Maori and Pacific Islands participants had mean diastolic blood pressure up to 3 mmHg higher than Europeans, but Pacific Islands people had mean systolic blood pressure 3-4 mmHg lower than Europeans and Maori respectively. After adjustment for age and gender almost 20% of Maori, 16% of Pacific Islands and 11% of European people were classified as hypertensive. Adjustment for body mass index and alcohol consumption almost eliminated ethnic differences in blood pressure, and body mass index was found to be the single most important modifiable determinant of raised blood pressure.

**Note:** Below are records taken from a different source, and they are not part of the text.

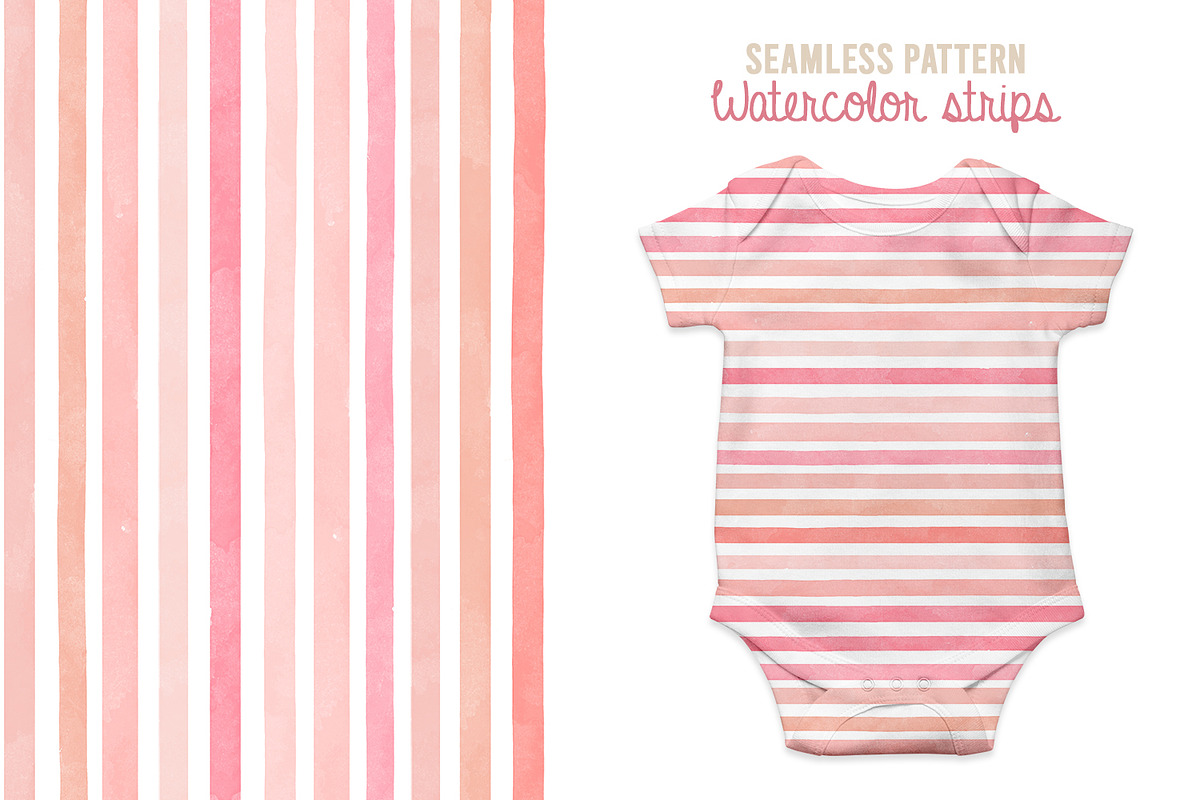 Six Watercolour Striped Pattern, a Pattern Graphic by Waterystrokes (Photo 2 of 6)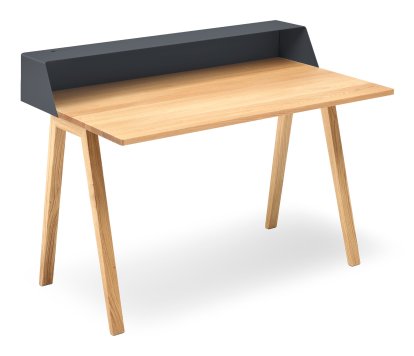 PS04 / PS05 Sekretär, B 120 x T 75 cm (PS05), Anthrazitgrau (RAL 7016), Eiche geölt, Ohne Elektrobox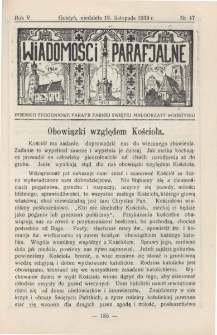 Wiadomości Parafjalne 1933.11.19.R.5 Nr47
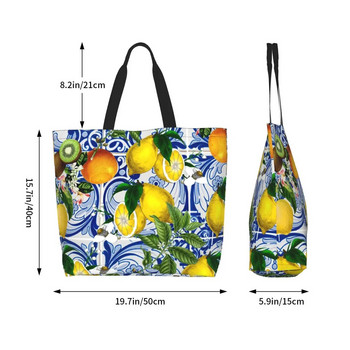 Лимон върху сини керамични плочки Пазарски чанти за хранителни стоки Платнена пазарска чанта за през рамо Голям капацитет Преносима лятна ръчна чанта с цитрусови плодове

Greater proportions of Maori (15%) and Pacific Islands people (14%) with hypertension had multiple additional cardiovascular risk factors compared with Europeans (8%), but similar proportions were on antihypertensive drug treatment.

CONCLUSIONS

Efforts to reduce obesity have the potential to significantly reduce raised blood pressure among Maori and Pacific Islands people. Overall cardiovascular risk is more likely to be higher in Maori and Pacific Islands people than in Europeans with hypertension, indicating that greater proportions of Maori and Pacific Islands people with high blood pressure should be receiving treatment.

摘要

目的

调查新西兰人群中血压、高血压以及心血管疾病其他危险因素患病率的种族差异决定因素。

方法

分析来自弗莱彻挑战-奥克兰大学心脏与健康研究的基线数据,以研究血压的种族差异,并估计高血压患者患有其他主要心血管疾病危险因素的可能性。

结果

毛利人和太平洋岛屿参与者的平均舒张压比欧洲人高3 mmHg,但太平洋岛屿人群的平均收缩压分别比欧洲人和毛利人低3 - 4 mmHg。在调整年龄和性别后,近20%的毛利人、16%的太平洋岛屿人群和11%的欧洲人被归类为高血压患者。调整体重指数和酒精摄入量后,种族间的血压差异几乎消除,体重指数被发现是血压升高的最重要的可改变决定因素。与欧洲人(8%)相比,患有高血压的毛利人(15%)和太平洋岛屿人群(14%)中有更多比例的人患有多种其他心血管危险因素,但接受抗高血压药物治疗的比例相似。

结论

努力减少肥胖有可能显著降低毛利人和太平洋岛屿人群的血压升高。总体而言,患有高血压的毛利人和太平洋岛屿人群的心血管风险可能高于欧洲人,这表明应该有更大比例的患有高血压的毛利人和太平洋岛屿人群接受治疗。